- [Exercise aim]
All that is wanted is the exact text of the lines below from the one with "Body Lift after" through the one with "تفاوت کک و مک", inclusive, minus any pictures.

:: Record set

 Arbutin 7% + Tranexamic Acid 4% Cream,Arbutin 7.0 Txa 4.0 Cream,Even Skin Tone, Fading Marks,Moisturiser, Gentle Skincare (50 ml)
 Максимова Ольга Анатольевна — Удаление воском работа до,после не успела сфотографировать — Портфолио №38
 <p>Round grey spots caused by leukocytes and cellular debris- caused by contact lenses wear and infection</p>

::::
:: Record set

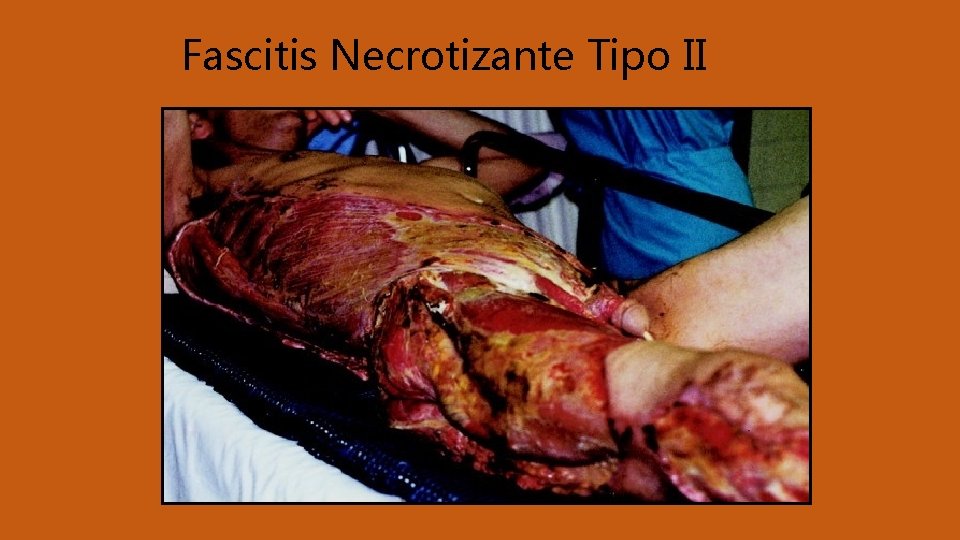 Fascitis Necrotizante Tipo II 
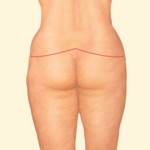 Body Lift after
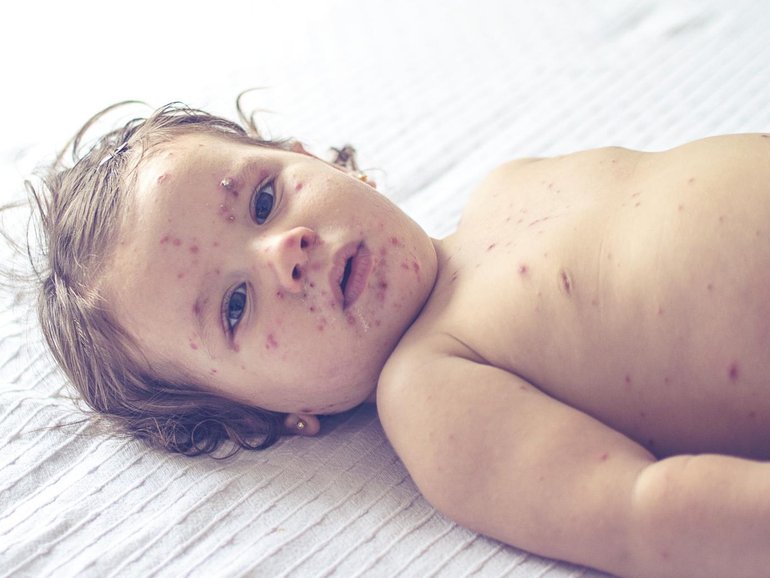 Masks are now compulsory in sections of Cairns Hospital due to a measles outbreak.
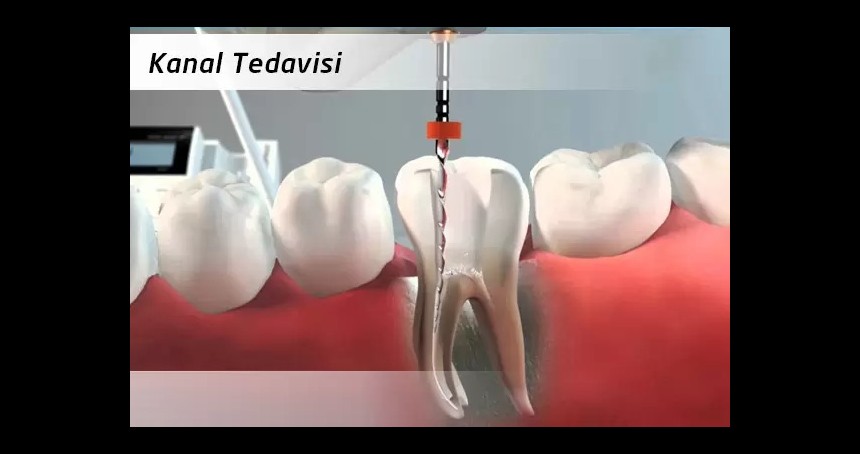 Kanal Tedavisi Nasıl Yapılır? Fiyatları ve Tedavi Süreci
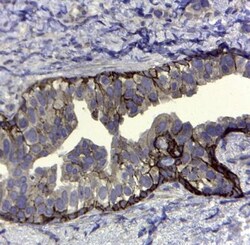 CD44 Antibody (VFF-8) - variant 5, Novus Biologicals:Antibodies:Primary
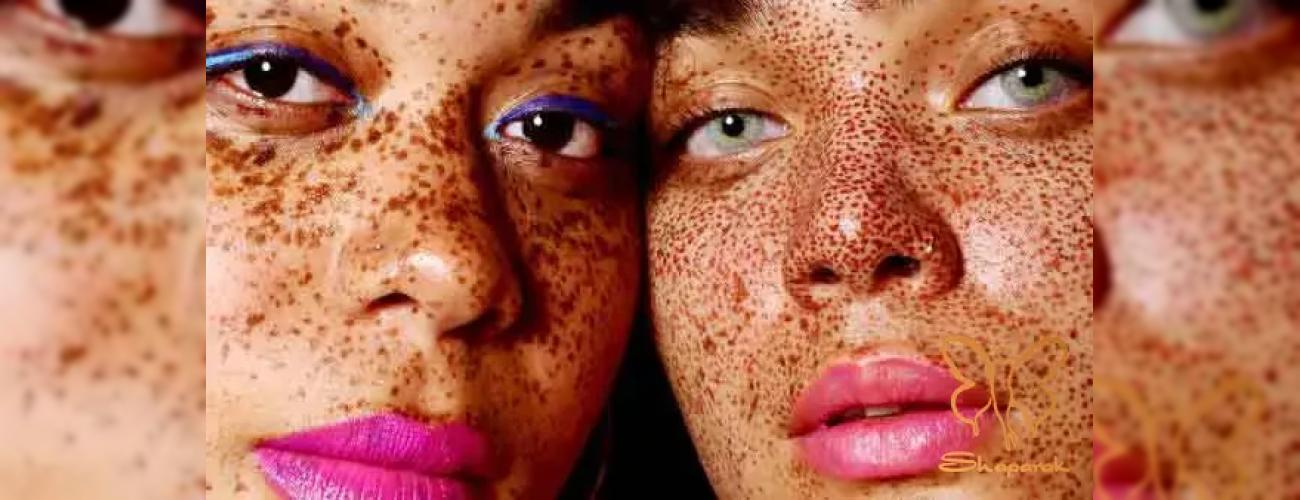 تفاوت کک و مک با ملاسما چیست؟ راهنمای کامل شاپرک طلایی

::::
:: Record set

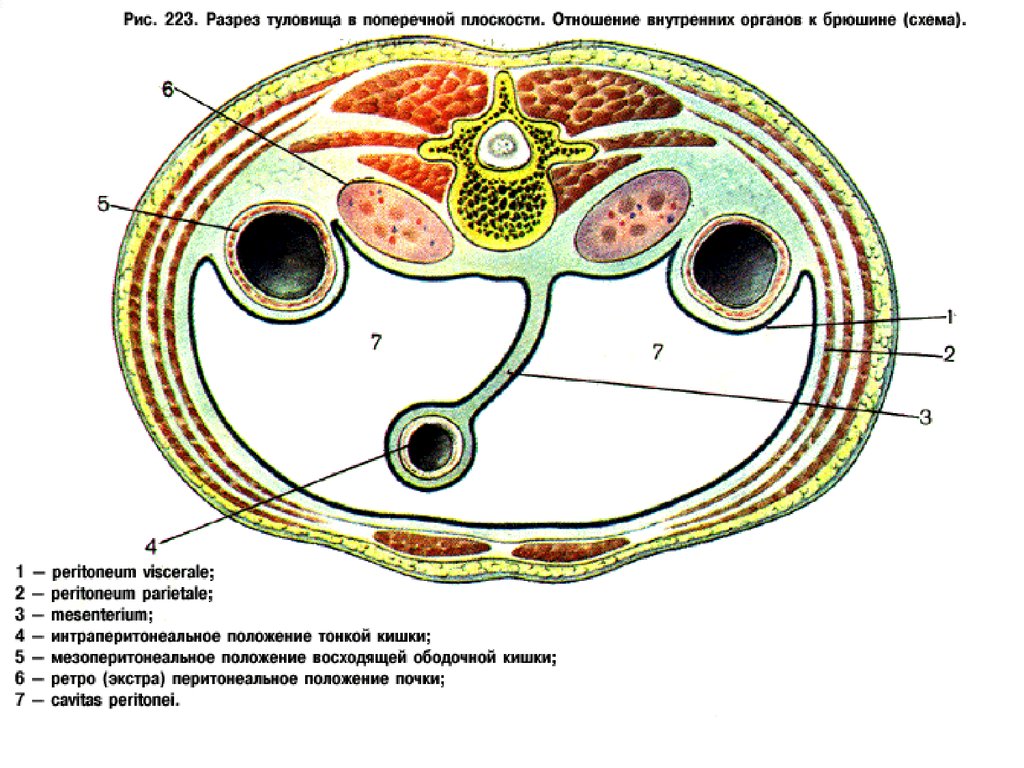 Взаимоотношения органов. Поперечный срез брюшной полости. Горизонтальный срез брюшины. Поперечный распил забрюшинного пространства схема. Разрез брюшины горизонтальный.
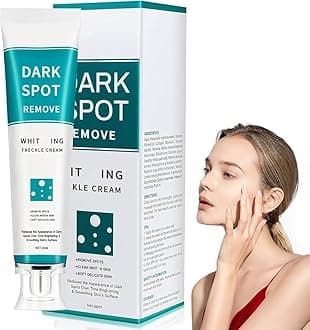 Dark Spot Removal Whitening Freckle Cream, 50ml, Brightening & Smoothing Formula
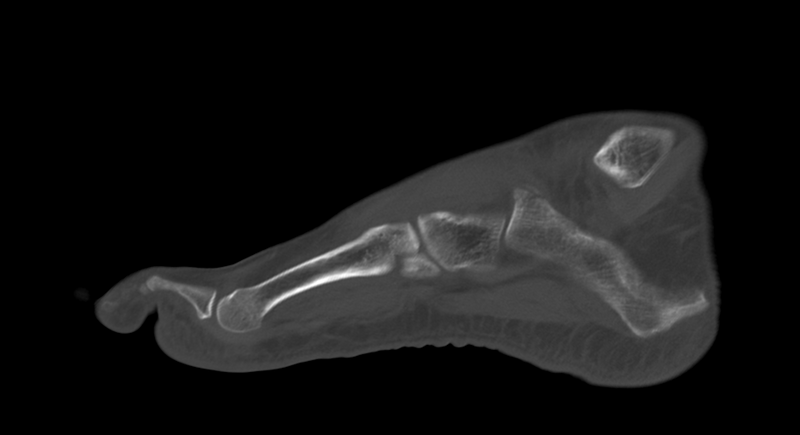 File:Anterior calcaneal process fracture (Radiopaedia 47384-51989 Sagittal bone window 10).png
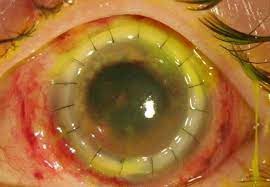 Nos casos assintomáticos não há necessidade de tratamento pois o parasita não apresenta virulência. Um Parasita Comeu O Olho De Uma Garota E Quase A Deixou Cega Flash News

::::

- [Response for this exercise]
 Body Lift after
 Masks are now compulsory in sections of Cairns Hospital due to a measles outbreak.
 Kanal Tedavisi Nasıl Yapılır? Fiyatları ve Tedavi Süreci
 CD44 Antibody (VFF-8) - variant 5, Novus Biologicals:Antibodies:Primary
 تفاوت کک و مک با ملاسما چیست؟ راهنمای کامل شاپرک طلایی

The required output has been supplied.